In related news, I wonder whether or not anyone's been able to convince Fabio that the delicious, cholesterol-free, buttery spread he so enjoys is not, in fact, butter.
Back on topic! Humongous. It opens in that most predictable way: with a rape. It's Labor Day Weekend in 1946 and a drunken reveler forces himself on a young woman whose family is hosting the party. Her trusty German Shepherds come to her rescue and attack the attacker; she finishes him off with a rock.
I was checking out some reviews of the film earlier, and virtually every one railed against Lynch for shooting the rape scene from the victim's POV. Apparently this technique makes viewers uneasy. Uncomfortable during a rape scene? Good. Why is that a problem?

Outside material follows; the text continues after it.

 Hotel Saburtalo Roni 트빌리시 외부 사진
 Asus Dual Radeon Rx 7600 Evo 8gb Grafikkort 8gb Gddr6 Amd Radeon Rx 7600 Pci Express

36 years after that night, a small group of...err, teens, I guess, are leaving a house where I...uh, guess they were staying all summer and they're boating to...uh...well, it's all a little vague. Listen, picky, all you need to know is that this is a horror movie and all the major food groups are represented: the nice guy, the final girl, the slut, the nerd, and the jerk. The nice guy (Eric), the nerd (Carla), and the jerk (Nick) are siblings; the nice guy and the final girl (Sandy) are dating, as are the slut (Donna) and the jerk. Carla, meanwhile, is considerate enough to sport glasses in keeping with the film's title. I do so love a theme!
Whilst slowly navigating through heavy fog at night, our gang comes across Bert, whose motorboat has given up the ghost. They take him on board and when dogs begin to howl in the distance, he tells them the tale of The Weirdo Old Lady of Dog Island. It seems there's a mysterious woman who's secluded herself on an island and lives with a gazillion dogs. The locals don't know much about her- she only heads to the mainland twice a year for supplies, and no one dares set foot on the island for fear of her dogs.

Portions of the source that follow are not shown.